Mom, I finally understand. I love you, and I get it. I know what you felt. I know why.

Still, I get up and give my all. I take my cameras out and capture the impossible.

There is clarity in this life. This existence.

I know what I am.

I accept it.

You can reach a point where all the things you once thought were important fade away.

When you have married, had a life, raised your children.

When that is all gone.

When it's just you and the sunrise.

And I will see as many as I can.

While I breathe.

With no concern for how many are left for me.

Just that every day.

I will get up.

And look to the lightening sky to the east.

And consider the possibilities.

I will load the batteries into my cameras.

And sling them around my neck.

To see what nature has to show me today.

Even if it is my last.

I would not miss it.

Not for anything.

I love you, mom.

And I miss you. Every day.

But I want you to know.

I understand.

Tomorrow morning, before almost anyone is awake. I will get up. Load the cameras into the truck.
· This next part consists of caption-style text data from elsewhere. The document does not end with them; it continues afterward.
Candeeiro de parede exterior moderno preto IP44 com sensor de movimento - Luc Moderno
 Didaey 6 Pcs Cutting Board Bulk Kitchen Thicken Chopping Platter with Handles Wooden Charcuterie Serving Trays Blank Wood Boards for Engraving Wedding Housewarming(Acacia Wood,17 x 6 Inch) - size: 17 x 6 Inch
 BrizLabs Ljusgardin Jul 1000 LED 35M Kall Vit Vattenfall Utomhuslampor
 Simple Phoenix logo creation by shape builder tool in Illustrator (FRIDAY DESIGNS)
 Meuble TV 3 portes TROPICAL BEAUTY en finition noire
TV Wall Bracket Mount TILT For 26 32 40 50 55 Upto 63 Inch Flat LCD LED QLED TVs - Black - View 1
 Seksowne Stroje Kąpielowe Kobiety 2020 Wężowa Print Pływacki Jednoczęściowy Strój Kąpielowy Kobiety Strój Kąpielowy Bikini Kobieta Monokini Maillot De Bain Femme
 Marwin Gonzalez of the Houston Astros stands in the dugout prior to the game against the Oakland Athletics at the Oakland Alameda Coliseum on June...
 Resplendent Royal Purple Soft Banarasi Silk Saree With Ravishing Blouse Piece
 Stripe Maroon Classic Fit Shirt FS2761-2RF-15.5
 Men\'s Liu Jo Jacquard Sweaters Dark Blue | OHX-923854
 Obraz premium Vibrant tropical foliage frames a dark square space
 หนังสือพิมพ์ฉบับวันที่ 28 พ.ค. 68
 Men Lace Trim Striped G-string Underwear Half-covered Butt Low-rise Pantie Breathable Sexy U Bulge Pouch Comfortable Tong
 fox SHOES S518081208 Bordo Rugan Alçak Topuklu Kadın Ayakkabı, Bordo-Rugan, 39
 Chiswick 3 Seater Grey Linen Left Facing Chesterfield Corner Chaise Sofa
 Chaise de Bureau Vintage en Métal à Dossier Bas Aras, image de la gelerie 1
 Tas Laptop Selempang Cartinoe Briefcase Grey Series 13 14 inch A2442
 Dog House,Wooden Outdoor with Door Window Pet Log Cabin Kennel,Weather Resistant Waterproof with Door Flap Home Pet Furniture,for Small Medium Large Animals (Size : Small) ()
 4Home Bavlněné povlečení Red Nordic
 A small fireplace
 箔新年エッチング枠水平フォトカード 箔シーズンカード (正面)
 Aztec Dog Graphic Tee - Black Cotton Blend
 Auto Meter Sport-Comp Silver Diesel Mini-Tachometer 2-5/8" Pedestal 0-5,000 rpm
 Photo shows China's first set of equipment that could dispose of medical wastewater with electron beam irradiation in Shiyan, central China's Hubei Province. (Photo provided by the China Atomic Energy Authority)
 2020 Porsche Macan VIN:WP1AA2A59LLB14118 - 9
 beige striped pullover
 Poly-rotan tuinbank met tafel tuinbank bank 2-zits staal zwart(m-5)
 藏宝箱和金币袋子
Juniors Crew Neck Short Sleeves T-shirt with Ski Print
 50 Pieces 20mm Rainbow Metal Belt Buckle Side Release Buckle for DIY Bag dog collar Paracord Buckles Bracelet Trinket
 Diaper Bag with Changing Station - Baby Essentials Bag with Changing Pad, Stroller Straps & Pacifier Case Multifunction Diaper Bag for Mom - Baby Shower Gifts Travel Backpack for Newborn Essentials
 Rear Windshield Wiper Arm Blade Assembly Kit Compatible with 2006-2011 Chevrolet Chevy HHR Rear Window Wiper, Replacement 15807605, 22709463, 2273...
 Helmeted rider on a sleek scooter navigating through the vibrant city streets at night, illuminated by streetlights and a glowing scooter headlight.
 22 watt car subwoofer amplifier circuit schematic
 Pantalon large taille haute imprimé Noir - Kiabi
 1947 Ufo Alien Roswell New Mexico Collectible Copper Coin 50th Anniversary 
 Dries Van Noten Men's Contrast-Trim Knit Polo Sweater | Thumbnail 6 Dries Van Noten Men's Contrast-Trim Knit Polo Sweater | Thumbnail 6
Look up at the stars and the black sky.

My heart quickens.

Anticipation grows.

What will I see today?

What wonders?

Will I get the shots I dream of?

I will sit in Gull Pond at the refuge before the sun breaches the horizon.

The birds will stir and start to wake.

The sky will brighten.

And I will stand there. The cold wind blowing.

And watch the sun peak over the marsh.

The start of a new day.

And I will let it.

Take my breath away.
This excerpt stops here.